Print every line of the data word for word.

-- Opening Marker --

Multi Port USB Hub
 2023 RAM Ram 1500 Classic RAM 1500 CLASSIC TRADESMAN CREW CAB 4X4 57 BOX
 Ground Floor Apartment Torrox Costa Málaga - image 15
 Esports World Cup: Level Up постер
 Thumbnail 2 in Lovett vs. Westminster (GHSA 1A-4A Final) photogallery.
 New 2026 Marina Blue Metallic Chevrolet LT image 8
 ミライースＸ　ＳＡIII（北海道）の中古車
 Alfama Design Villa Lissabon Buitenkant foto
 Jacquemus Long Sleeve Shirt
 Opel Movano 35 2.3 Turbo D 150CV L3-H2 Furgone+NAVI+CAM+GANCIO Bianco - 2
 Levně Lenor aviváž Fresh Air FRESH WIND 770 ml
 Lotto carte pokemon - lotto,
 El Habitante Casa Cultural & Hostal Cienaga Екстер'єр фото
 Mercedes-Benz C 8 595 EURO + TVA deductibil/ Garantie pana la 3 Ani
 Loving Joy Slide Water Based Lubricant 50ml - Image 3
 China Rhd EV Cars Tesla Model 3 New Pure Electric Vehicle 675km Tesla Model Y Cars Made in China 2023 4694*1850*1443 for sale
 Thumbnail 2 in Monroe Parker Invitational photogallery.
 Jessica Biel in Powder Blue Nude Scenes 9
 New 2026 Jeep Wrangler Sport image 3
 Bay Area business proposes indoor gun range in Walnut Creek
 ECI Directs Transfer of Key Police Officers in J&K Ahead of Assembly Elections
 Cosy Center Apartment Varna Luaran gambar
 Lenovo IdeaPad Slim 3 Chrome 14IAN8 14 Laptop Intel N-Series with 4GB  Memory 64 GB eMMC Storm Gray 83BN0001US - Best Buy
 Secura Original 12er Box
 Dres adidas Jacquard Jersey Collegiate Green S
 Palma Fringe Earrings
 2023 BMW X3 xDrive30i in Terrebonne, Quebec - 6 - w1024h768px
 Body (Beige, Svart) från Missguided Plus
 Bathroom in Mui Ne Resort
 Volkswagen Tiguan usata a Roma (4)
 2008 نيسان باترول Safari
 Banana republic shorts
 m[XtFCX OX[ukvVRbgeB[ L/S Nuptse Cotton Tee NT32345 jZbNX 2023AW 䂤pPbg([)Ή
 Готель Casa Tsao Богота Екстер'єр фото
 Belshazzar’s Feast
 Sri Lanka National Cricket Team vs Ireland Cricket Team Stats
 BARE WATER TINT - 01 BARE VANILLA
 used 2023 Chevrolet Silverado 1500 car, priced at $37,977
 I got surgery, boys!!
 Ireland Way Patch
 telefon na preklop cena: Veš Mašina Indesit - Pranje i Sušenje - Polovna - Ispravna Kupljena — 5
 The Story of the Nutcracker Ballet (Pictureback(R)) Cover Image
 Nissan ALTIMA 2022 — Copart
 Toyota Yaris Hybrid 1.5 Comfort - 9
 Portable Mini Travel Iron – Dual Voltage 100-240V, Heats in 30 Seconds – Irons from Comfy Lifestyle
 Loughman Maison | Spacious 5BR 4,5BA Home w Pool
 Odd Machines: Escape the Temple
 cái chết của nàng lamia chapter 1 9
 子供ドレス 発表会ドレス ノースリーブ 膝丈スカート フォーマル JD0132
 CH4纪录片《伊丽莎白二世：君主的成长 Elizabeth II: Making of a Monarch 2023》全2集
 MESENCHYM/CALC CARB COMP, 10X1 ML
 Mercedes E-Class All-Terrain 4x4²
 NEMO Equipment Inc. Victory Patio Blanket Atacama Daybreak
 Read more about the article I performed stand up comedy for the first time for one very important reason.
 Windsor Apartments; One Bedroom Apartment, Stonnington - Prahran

-- Closing Marker --

**Written answer**
Multi Port USB Hub
 2023 RAM Ram 1500 Classic RAM 1500 CLASSIC TRADESMAN CREW CAB 4X4 57 BOX
 Ground Floor Apartment Torrox Costa Málaga - image 15
 Esports World Cup: Level Up постер
 Thumbnail 2 in Lovett vs. Westminster (GHSA 1A-4A Final) photogallery.
 New 2026 Marina Blue Metallic Chevrolet LT image 8
 ミライースＸ　ＳＡIII（北海道）の中古車
 Alfama Design Villa Lissabon Buitenkant foto
 Jacquemus Long Sleeve Shirt
 Opel Movano 35 2.3 Turbo D 150CV L3-H2 Furgone+NAVI+CAM+GANCIO Bianco - 2
 Levně Lenor aviváž Fresh Air FRESH WIND 770 ml
 Lotto carte pokemon - lotto,
 El Habitante Casa Cultural & Hostal Cienaga Екстер'єр фото
 Mercedes-Benz C 8 595 EURO + TVA deductibil/ Garantie pana la 3 Ani
 Loving Joy Slide Water Based Lubricant 50ml - Image 3
 China Rhd EV Cars Tesla Model 3 New Pure Electric Vehicle 675km Tesla Model Y Cars Made in China 2023 4694*1850*1443 for sale
 Thumbnail 2 in Monroe Parker Invitational photogallery.
 Jessica Biel in Powder Blue Nude Scenes 9
 New 2026 Jeep Wrangler Sport image 3
 Bay Area business proposes indoor gun range in Walnut Creek
 ECI Directs Transfer of Key Police Officers in J&K Ahead of Assembly Elections
 Cosy Center Apartment Varna Luaran gambar
 Lenovo IdeaPad Slim 3 Chrome 14IAN8 14 Laptop Intel N-Series with 4GB  Memory 64 GB eMMC Storm Gray 83BN0001US - Best Buy
 Secura Original 12er Box
 Dres adidas Jacquard Jersey Collegiate Green S
 Palma Fringe Earrings
 2023 BMW X3 xDrive30i in Terrebonne, Quebec - 6 - w1024h768px
 Body (Beige, Svart) från Missguided Plus
 Bathroom in Mui Ne Resort
 Volkswagen Tiguan usata a Roma (4)
 2008 نيسان باترول Safari
 Banana republic shorts
 m[XtFCX OX[ukvVRbgeB[ L/S Nuptse Cotton Tee NT32345 jZbNX 2023AW 䂤pPbg([)Ή
 Готель Casa Tsao Богота Екстер'єр фото
 Belshazzar’s Feast
 Sri Lanka National Cricket Team vs Ireland Cricket Team Stats
 BARE WATER TINT - 01 BARE VANILLA
 used 2023 Chevrolet Silverado 1500 car, priced at $37,977
 I got surgery, boys!!
 Ireland Way Patch
 telefon na preklop cena: Veš Mašina Indesit - Pranje i Sušenje - Polovna - Ispravna Kupljena — 5
 The Story of the Nutcracker Ballet (Pictureback(R)) Cover Image
 Nissan ALTIMA 2022 — Copart
 Toyota Yaris Hybrid 1.5 Comfort - 9
 Portable Mini Travel Iron – Dual Voltage 100-240V, Heats in 30 Seconds – Irons from Comfy Lifestyle
 Loughman Maison | Spacious 5BR 4,5BA Home w Pool
 Odd Machines: Escape the Temple
 cái chết của nàng lamia chapter 1 9
 子供ドレス 発表会ドレス ノースリーブ 膝丈スカート フォーマル JD0132
 CH4纪录片《伊丽莎白二世：君主的成长 Elizabeth II: Making of a Monarch 2023》全2集
 MESENCHYM/CALC CARB COMP, 10X1 ML
 Mercedes E-Class All-Terrain 4x4²
 NEMO Equipment Inc. Victory Patio Blanket Atacama Daybreak
 Read more about the article I performed stand up comedy for the first time for one very important reason.
 Windsor Apartments; One Bedroom Apartment, Stonnington - Prahran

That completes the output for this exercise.